Возмездие. Никогда не поздно
Шрифт:

Врачи диагностировали ему посттравматическую амнезию (плюс у него дважды останавливалось сердце) и по истечении года начали сходиться во мнении, что при таком тяжелом повреждении мозга, как у «неизвестного лица», амнезия может быть необратимой. Его нельзя было чему-то обучить, поскольку у него не было «нормальной памяти». Обычно к таким тяжелым пациентам приходят воспоминания, полученные в детстве, и специалисты объясняли это тем, что «мозг молодого человека имеет большие способности к обучению». Его решили оставить без лечения, поскольку в таких случаях амнезия у некоторых больных исчезала, и этот метод сработал.

Он вспомнил свое имя, кто его родители. Со временем провалы заполнялись подробностями о его жизни, он как будто читал увлекательную книгу: что ни день, то новая страница. И вот, наконец, настал тот день, когда

он вспомнил ключевой момент, а спровоцировало это рядовое событие: вспышка фотоаппарата. К тому времени Кравец уже выписался из больницы, в которой провел три года. Он шел по улице, доставая на ходу сигарету, когда его взгляд притянула молодая пара (с тех прошло много времени, а он все никак не мог понять, почему среди десятков, сотен пар его глаза остановились именно на этой). Игорь посмотрел на парня лет семнадцати, и в груди у него зародился холодок – ему показалось, этот парень сейчас выстрелит в него, он даже бросил взгляд на его руки, но увидел только фотоаппарат. Парень поднес его к лицу, а девушка рукой показала, что и как снять на «мыльницу». В следующую секунду Кравец оторвал бы взгляд от камеры, но в дело вмешалась судьба. Он не расслышал щелчка фотокамеры – его оглушил звук выстрела, а дальше – ослепила яркая вспышка, как будто в шаге от него разорвалась шаровая молния.
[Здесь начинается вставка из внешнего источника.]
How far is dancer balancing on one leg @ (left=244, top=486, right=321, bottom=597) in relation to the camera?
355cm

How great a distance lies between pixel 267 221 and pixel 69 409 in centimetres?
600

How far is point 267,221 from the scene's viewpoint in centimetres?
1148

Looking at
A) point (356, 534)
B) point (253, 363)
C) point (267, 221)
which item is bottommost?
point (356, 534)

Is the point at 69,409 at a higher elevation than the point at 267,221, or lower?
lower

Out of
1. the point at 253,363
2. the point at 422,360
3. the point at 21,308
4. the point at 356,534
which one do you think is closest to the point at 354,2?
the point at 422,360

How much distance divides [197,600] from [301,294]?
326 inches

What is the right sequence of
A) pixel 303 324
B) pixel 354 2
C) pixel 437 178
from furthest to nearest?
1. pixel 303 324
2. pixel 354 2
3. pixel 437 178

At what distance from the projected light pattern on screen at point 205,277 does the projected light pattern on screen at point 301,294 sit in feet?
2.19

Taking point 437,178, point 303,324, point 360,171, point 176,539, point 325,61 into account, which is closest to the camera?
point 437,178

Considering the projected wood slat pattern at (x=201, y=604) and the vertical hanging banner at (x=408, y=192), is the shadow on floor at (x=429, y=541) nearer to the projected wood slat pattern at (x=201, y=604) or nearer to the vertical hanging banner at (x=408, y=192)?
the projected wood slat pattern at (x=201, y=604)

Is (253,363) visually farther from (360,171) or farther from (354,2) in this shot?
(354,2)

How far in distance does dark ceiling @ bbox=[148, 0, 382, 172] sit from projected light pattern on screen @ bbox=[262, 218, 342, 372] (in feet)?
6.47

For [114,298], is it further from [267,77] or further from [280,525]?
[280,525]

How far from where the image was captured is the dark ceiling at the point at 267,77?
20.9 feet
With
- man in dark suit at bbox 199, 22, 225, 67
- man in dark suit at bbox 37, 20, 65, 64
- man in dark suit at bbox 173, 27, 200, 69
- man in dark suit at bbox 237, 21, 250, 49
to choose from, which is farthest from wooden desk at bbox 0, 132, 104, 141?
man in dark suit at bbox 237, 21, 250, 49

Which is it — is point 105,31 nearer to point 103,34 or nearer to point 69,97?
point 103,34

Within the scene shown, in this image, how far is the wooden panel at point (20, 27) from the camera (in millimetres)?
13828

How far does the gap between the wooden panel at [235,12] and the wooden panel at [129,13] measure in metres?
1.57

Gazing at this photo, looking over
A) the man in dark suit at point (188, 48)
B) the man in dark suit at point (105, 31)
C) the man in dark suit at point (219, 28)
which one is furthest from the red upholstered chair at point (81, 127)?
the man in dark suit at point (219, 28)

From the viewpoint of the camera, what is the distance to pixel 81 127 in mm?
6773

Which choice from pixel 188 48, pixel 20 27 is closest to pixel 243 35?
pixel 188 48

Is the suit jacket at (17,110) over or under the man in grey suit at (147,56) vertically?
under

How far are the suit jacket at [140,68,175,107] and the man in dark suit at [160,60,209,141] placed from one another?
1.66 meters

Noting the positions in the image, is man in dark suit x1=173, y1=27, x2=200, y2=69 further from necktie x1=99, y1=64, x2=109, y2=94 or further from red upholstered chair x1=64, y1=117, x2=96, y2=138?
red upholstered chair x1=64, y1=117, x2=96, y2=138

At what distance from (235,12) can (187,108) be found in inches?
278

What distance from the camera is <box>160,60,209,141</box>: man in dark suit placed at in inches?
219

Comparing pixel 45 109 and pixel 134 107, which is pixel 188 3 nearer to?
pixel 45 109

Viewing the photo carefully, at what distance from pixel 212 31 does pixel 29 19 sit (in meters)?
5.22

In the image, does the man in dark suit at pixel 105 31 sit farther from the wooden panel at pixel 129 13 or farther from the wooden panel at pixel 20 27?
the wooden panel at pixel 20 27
Он закрылся рукой, а когда отнял ее от лица, не увидел ни парня, ни девушки. На том месте стоял человек лет тридцати, и губы его шевелились: «Если бы у тебя осталось пятнадцать секунд, что бы ты мне сказал?»

«Десять».

«Пять…»

Ни одной.

И Виктор Биленков вскинул руку для выстрела.
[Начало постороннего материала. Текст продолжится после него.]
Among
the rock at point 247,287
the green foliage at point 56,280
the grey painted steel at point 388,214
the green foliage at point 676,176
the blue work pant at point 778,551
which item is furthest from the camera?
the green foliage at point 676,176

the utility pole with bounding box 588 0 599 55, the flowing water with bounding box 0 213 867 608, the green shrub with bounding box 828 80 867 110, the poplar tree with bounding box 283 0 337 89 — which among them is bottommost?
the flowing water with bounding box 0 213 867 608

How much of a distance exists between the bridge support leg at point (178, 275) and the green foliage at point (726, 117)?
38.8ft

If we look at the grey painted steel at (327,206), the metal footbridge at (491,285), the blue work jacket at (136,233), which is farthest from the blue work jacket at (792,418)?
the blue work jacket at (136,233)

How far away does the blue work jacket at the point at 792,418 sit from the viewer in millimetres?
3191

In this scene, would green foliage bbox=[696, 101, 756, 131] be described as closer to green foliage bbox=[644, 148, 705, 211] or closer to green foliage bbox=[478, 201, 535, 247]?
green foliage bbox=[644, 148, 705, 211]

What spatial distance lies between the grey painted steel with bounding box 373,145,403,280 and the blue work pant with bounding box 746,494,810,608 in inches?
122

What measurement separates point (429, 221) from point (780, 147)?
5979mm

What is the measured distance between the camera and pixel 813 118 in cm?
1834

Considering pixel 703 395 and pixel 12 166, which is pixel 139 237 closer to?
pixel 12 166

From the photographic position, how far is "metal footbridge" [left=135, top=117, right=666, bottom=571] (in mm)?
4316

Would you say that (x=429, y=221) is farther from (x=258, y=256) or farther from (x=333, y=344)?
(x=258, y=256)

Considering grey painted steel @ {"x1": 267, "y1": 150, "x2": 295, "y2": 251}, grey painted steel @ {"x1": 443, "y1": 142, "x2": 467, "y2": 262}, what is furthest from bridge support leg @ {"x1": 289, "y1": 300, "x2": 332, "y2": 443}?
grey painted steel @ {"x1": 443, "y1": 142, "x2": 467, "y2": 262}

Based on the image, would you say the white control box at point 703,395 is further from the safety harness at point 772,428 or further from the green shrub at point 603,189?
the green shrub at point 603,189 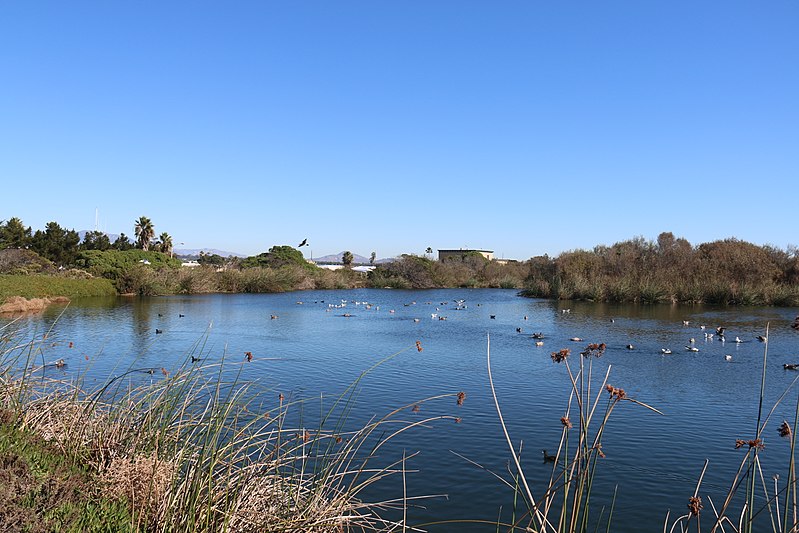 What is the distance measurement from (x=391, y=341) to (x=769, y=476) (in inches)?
610

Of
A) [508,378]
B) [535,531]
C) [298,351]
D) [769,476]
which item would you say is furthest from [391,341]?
[535,531]

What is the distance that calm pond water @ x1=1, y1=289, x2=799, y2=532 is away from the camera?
808 centimetres

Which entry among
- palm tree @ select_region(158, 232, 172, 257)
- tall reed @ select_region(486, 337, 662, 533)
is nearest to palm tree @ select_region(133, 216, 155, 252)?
palm tree @ select_region(158, 232, 172, 257)

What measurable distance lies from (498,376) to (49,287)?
31221 millimetres

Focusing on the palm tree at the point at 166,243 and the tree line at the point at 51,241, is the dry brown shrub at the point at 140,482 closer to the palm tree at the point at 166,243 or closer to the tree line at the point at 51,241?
the tree line at the point at 51,241

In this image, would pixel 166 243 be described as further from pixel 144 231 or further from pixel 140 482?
pixel 140 482

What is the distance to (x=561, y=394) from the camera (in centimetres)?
1337

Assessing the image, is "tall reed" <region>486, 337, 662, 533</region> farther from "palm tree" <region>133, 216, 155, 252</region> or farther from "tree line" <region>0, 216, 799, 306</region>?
"palm tree" <region>133, 216, 155, 252</region>

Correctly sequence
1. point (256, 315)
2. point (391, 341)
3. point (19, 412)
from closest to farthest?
1. point (19, 412)
2. point (391, 341)
3. point (256, 315)

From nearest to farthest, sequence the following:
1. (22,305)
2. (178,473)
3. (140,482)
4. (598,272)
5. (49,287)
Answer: (140,482) → (178,473) → (22,305) → (49,287) → (598,272)

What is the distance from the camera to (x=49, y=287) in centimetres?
3688

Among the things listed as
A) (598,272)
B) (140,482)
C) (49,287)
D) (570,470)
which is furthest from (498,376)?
(598,272)

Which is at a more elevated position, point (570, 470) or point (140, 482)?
point (570, 470)

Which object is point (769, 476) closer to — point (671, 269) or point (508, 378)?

С этого момента время для Игоря Кравца понеслось вскачь, как будто кто-то замкнул клеммы в его голове: расплата, финал спецоперации, ее середина, проникновение в дом Лесника, подготовка, экипировка в гараже, звонок Биленкова: «Есть дело». Эта обратная последовательность помогла ему воспроизвести весь день в мельчайших деталях, особенно один эпизод, когда он отказался убить девочку…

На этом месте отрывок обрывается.